KERANGKA ACUAN KERJA GERAKAN NASIONAL PENYELAMATAN SUMBER DAYA ALAM (SDA) INDONESIA SEKTOR PERTAMBANGAN MINERBA
I. Latar Belakang Sumberdaya mineral dan batubara merupakan salah satu sumber daya alam (natural capital) yang tak terbaharukan yang diberikan oleh Tuhan Yang Maha Esa kepada bangsa Indonesia untuk dapat dikelola dengan baik. Pengelolaan sumberdaya alam tersebut harus mengacu pada UUD 1945 khususnya pasal 33 yang mengamanatkan pengelolaan demi sebesar-besarnya kemakmuran rakyat. Keberadaan UU No. 4 tahun 2009 tentang pertambangan mineral dan batubara merupakan salah satu wujud pelaksanaan hak pengelolaan negara terhadap sumberdaya tersebut. UU No. 4 tahun 2009 (UU Tentang Pertambangan Minerba) membawa semangat pengelolaan pertambangan mineral dan batubara yang mandiri, andal, transparan, berdaya saing, efisien, dan berwawasan lingkungan, guna menjamin pembangunan nasional secara berkelanjutan. Undang-undang tersebut juga menekankan pentingnya pengelolaan pertambangan mineral dan batubara yang dapat memberikan nilai tambah secara nyata kepada pertumbuhan ekonomi nasional dan pembangunan daerah secara berkelanjutan. Hasil kajian KPK terkait dengan pengelolaan pertambangan mineral dan batubara sejak tahun 2011, menyimpulkan adanya sejumlah permasalahan dalam proses implementasi UU Minerba. Setidaknya terdapat sepuluh permasalahan utama yang menghambat pelaksanaan tugas pemerintah dalam pengelolaan sumberdaya mineral dan batubara. Kesepuluh permasalahan tersebut sebagai berikut: 1. Pengembangan sistem data dan informasi Minerba. Untuk mendorong tata kelola pertambangan minerba yang lebih baik, sistem pendataan dilakukan dengan menggunakan aplikasi teknologi informasi. Hingga saat ini, data yang ada belum dikelola secara terintegrasi dan belum bisa dimanfaatkan untuk memonitoring kegiatan pertambangan secara real time. Selain itu, dengan adanya sistem ini diharapkan diperoleh data minerba yang lebih akurat, real-time dan menjadi acuan tunggal bagi semua stakeholder, pusat maupun daerah. 2. Penerbitan aturan pelaksana UU No. 4 tahun 2009 tentang Pertambangan Mineral dan Batubara. Sesuai amanat pasal 174 UU Minerba, semua aturan pelaksana UU tersebut harus diselesaikan paling lambat 12 Januari 2010. Namun Peraturan Pemerintah pelaksana UU tersebut ditetapkan setelah batas waktu 12 Januari 2010. Sebanyak 15 Peraturan Menteri ESDM (dari 22 Peraturan Menteri) sebagai pelaksana UU Minerba belum ditetapkan hingga saat ini.
1
3. Renegosiasi Kontrak (34 Kontrak Karya/KK dan 78 Perjanjian Karya Pengusahaan Pertambangan Batubara/PKP2B).

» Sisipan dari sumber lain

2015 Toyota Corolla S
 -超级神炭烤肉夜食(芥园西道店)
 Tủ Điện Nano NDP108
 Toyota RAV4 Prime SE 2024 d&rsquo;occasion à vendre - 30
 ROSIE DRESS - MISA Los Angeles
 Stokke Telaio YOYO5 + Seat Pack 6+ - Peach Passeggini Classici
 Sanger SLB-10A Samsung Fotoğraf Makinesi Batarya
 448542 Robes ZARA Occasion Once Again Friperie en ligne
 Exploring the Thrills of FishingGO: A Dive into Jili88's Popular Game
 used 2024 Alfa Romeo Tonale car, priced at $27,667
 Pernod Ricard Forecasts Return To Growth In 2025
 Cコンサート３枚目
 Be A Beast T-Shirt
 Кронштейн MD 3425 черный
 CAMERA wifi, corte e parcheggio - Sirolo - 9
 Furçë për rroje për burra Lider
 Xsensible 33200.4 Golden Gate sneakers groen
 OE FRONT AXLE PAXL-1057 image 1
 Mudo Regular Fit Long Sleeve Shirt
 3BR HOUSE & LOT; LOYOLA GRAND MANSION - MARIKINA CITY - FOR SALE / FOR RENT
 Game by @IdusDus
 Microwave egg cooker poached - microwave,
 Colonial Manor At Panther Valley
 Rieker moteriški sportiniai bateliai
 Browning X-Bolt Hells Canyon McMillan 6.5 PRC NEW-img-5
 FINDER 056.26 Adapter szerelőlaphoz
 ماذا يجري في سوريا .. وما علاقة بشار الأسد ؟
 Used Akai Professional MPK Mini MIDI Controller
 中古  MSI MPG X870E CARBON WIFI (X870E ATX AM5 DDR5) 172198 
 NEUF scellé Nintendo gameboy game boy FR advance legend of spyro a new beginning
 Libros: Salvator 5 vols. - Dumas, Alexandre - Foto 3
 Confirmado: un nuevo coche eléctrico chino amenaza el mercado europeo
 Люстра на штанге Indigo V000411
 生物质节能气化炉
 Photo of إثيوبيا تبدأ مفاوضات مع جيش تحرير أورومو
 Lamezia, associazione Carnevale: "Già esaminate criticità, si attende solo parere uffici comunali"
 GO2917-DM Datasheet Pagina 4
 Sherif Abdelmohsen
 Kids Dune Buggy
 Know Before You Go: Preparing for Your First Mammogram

Pasal 169 UU No. 4 tahun 2009 tentang Pertambangan Mineral dan Batubara (UU Minerba) mewajibkan adanya penyesuaian ketentuan yang tercantum dalam kontrak dengan UU minerba paling lambat 1 tahun sejak 12 Januari 2009. Dalam kerangka acuan pemerintah terkait dengan renegosiasi, setidaknya terdapat 6 hal yang akan dinegosiasikan ulang dengan pemegang kontrak. Hal tersebut mencakup: luas wilayah kontrak, penerimaan negara, divestasi, penggunaan komponen dalam negeri, tenaga kerja, dan pengolahan dan pemurnian. Hingga saat ini, belum ada satupun kontrak baru (hasil renegosiasi) yang ditandatangani bersama antara pemerintah dengan pemegang kontrak. 4. Peningkatan nilai tambah dalam bentuk pengolahan dan pemurnian hasil tambang mineral dan batubara. UU Minerba sesuai dengan pasal 170 mewajibkan adanya kegiatan pemurnian hasil pertambangan mineral oleh pemegang kontrak karya yang sudah berproduksi, paling lambat 12 Januari 2014. Kewajiban pengolahan dan pemurnian hasil pertambangan mineral oleh pemegang IUP dan IUPK operasi produksi, paling lambat dilakukan 12 Januari 2014 sesuai dengan pasal 112 PP No. 23 tahun 2010 tentang Pelaksanaan Kegiatan Usaha Pertambangan Mineral dan Batubara. Hingga saat ini pemerintah belum memiliki sikap yang jelas terkait dengan kewajiban pemurnian oleh KK dan pengolahan dan pemurnian oleh IUP dan IUPK. Bahkan pemerintah memberikan kelonggaran (relaksasi) kepada KK dan IUP/IUPK untuk mengekspor konsentrat hasil olahan beberapa jenis mineral, hingga 12 Januari 2017. 5. Penataan Kuasa Pertambangan/Izin Usaha Pertambangan. UU Minerba mewajibkan adanya penyesuaian Kuasa Pertambangan menjadi Izin Usaha Pertambangan. UU Minerba juga memberikan kewenanangan secara bertingkat dalam pemberian izin kepada pemerintah pusat, pemerintah provinsi, dan pemerintah kabupaten/kota. Namun hingga saat ini, jumlah IUP yang belum berstatus clean and clear sebesar 4.912 (44,99%) dari sebanyak 10.916 IUP (status per Desember 2013). 6.
Peningkatan Kewajiban Pemenuhan Kebutuhan Dalam Negeri (Domestic Market Obligation) UU Minerba mewajibkan adanya pemenuhan kebutuhan dalam negeri sebelum hasil tambang mineral dan batubara di ekspor. Namun hingga saat ini belum ada upaya sistematis dari pemerintah untuk meningkatkan kewajiban pemenuhan kebutuhan dalam negeri antara lain melalui sinergi dengan sektor hilir yang menyerap bahan tamabang sebagai bahan bakunya. Hal ini menyebabkan sebagian besar barang tambang mineral dan batubara di eskpor ke luar negeri.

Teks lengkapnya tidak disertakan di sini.